Ukraine has had a painful history of suffering and subjugation on an almost unimaginable scale. It is now literally fighting for its life against naked Russian aggression. The response from European and American leaders — from Angela Merkel to Barack Obama –is at best tepid and at worst scandalous.

Through it all, the Ukrainian people have demonstrated extraordinary courage. This month, I honor two of them, people with dramatically different backgrounds who have both given so much to assure that Ukraine has a future as a free and democratic country.

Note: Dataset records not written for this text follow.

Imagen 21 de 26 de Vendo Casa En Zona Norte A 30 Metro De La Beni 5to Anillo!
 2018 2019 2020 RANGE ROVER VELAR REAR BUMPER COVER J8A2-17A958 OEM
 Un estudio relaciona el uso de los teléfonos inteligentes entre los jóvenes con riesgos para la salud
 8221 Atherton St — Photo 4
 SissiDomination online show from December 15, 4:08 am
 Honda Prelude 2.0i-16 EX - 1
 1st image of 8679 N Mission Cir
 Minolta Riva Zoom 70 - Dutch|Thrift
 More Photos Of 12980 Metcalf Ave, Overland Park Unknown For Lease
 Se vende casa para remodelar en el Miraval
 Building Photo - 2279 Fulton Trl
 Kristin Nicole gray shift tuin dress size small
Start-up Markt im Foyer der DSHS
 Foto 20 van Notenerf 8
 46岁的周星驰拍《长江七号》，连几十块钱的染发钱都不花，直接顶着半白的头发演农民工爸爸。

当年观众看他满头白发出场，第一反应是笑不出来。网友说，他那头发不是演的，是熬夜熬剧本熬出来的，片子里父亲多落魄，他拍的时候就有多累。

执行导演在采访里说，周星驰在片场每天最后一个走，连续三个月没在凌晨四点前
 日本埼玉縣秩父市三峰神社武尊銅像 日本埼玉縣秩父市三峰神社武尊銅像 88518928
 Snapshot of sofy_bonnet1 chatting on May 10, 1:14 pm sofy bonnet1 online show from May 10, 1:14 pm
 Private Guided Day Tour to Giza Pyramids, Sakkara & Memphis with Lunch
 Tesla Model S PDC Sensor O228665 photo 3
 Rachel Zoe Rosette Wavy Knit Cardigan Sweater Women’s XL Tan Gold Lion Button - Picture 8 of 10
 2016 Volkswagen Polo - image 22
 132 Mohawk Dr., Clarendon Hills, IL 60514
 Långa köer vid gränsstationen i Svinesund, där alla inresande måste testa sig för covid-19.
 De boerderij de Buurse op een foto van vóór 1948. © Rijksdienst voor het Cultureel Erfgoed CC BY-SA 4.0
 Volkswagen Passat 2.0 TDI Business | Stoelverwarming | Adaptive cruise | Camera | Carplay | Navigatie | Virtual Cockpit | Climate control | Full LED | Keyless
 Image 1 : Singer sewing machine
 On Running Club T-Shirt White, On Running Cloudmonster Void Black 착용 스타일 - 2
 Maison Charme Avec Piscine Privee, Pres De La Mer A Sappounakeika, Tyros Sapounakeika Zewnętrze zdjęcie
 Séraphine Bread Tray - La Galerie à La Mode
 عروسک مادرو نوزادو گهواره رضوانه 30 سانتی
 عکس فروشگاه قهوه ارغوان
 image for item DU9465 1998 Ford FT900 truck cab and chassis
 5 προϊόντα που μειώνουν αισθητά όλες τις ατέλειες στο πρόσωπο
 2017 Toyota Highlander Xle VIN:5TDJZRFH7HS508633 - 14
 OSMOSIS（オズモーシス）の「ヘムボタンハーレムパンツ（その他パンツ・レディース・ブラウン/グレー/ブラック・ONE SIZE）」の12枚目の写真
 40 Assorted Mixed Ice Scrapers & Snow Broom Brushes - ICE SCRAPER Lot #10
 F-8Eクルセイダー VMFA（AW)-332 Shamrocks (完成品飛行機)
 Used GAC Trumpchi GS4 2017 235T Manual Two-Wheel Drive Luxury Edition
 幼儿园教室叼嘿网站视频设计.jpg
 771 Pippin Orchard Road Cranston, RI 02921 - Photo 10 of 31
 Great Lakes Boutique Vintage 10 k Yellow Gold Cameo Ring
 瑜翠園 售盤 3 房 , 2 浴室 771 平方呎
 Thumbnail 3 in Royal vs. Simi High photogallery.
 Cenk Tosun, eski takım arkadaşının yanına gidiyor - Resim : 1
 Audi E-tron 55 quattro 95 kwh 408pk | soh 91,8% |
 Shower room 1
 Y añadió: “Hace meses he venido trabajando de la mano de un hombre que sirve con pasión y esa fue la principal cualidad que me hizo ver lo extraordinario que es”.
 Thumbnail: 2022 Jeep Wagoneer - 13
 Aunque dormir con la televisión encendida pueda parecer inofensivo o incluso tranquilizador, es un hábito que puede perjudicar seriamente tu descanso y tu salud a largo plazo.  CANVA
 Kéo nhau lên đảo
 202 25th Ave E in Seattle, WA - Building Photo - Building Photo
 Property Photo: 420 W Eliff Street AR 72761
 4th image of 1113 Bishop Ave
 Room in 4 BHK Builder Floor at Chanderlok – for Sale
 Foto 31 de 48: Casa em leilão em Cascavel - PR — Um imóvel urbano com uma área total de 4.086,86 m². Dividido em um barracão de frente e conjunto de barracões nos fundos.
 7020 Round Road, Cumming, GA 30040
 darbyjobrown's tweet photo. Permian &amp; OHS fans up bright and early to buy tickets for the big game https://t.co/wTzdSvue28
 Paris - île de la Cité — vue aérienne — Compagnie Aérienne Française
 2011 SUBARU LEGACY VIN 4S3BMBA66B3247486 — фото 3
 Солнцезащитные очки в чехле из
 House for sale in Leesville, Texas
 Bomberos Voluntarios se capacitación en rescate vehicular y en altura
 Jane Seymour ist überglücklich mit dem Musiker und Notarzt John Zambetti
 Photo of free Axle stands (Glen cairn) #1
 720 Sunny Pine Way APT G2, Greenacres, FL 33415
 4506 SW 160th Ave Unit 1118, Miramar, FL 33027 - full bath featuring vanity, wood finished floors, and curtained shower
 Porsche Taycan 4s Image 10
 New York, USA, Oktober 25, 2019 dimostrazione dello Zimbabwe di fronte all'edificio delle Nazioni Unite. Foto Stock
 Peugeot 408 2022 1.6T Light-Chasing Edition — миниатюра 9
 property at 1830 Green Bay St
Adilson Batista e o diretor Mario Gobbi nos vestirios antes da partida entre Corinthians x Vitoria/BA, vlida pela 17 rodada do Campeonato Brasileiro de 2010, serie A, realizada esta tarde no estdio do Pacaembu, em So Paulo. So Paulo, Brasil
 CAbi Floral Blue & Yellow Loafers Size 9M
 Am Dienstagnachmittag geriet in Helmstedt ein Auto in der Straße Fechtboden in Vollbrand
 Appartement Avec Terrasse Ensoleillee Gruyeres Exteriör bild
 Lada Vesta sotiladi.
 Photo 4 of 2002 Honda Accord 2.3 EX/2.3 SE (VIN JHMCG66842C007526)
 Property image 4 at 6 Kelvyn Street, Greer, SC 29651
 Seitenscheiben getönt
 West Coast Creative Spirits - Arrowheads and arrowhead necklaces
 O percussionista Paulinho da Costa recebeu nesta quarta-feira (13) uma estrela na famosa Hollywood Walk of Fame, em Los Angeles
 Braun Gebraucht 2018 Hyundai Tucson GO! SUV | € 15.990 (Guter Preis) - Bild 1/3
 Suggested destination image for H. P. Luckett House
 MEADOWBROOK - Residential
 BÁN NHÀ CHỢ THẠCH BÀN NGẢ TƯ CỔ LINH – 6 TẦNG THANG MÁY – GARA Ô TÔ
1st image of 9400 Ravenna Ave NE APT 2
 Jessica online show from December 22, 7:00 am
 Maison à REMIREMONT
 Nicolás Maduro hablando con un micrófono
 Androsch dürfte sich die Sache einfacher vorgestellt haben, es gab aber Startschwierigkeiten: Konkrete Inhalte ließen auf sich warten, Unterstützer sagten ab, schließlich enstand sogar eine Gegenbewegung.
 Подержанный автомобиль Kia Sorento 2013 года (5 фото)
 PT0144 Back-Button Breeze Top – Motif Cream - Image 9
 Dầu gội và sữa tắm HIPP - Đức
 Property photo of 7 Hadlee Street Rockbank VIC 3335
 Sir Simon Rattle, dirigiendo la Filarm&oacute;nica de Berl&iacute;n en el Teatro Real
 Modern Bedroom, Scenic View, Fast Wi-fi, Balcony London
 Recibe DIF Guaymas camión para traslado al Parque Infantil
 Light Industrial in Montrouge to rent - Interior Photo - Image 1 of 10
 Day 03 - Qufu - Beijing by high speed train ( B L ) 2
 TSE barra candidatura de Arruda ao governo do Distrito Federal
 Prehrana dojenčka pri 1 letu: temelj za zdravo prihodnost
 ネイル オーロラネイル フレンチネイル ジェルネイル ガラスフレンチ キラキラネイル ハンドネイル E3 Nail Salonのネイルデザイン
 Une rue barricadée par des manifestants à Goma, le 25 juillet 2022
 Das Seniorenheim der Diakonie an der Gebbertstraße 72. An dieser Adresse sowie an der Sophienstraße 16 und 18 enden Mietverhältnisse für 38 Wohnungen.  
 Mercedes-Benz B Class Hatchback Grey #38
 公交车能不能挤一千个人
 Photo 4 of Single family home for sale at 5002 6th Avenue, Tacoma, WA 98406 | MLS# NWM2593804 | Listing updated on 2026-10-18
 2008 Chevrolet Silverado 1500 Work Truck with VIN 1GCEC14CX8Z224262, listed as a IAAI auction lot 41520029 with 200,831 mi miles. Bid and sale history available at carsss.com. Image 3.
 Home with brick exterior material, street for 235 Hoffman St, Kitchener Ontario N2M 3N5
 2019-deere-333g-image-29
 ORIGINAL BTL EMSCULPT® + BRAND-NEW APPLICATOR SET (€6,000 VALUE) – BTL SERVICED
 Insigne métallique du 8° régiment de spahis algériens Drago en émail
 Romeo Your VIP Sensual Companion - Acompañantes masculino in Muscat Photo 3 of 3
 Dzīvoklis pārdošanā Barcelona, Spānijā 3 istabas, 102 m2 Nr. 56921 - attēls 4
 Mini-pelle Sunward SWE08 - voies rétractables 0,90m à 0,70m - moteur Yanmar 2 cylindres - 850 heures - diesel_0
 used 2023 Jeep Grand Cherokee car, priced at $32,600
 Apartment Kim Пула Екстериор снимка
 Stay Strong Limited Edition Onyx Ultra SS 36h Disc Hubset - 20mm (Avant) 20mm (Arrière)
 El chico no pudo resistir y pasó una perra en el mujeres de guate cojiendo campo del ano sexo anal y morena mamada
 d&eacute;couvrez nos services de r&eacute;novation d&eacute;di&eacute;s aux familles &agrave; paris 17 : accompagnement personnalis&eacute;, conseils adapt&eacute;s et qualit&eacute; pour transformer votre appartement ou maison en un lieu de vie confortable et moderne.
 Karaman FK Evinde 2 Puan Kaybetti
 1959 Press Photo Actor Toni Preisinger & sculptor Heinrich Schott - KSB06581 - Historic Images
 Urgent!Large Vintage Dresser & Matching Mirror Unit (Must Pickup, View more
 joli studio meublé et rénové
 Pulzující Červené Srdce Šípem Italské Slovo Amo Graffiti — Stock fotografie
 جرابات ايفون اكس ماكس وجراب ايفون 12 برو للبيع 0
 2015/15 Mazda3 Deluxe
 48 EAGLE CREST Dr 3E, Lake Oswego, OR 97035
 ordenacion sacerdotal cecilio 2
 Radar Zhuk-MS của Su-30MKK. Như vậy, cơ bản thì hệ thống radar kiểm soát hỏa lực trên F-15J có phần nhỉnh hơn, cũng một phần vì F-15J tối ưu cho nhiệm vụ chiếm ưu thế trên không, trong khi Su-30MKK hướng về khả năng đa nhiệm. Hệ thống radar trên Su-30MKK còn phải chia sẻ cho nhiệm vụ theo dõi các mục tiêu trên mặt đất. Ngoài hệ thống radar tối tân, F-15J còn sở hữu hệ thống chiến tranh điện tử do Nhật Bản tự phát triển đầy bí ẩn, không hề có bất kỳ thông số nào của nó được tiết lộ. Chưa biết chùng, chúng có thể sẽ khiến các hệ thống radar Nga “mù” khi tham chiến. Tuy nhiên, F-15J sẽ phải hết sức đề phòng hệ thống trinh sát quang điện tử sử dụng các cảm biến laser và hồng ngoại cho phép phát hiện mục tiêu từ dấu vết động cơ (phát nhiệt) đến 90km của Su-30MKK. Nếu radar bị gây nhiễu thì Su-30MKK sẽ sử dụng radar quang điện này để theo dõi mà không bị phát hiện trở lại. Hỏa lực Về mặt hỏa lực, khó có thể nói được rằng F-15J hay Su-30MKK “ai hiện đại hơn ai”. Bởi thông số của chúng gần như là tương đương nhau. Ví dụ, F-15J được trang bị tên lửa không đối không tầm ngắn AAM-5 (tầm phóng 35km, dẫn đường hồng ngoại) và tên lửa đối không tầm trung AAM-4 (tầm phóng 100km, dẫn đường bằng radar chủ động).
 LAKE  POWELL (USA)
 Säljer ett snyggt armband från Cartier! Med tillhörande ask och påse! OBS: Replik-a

By way of historical background, beginning in the 1920’s the Ukraine was controlled and subjugated by its bigger neighbor, Russia. In 1932-1933 Stalin imposed what Robert Conquest has called “The Terror-Famine.” It amounted to forced collectivization of all farm land but also imposed impossibly high grain quotas for production, while at the same time removing every other source of food and preventing help from outside from reaching the starving millions of people in Ukraine. (See Harvest of Sorrow by Robert Conquest, Oxford University Press, 1986.) When his book was first published, critics questioned his conclusion that the Terror-Famine killed 2.75 to 7 million Ukrainians out of a total population of 28 million. After the Wall came down in 1989, and original Soviet source materials became available, he was proven correct and that the total number is closer to the high end of estimates: at least 5 million to 7 million. Fourteen countries now officially recognize this terror-famine as a genocide and it is known now as the Holodomor.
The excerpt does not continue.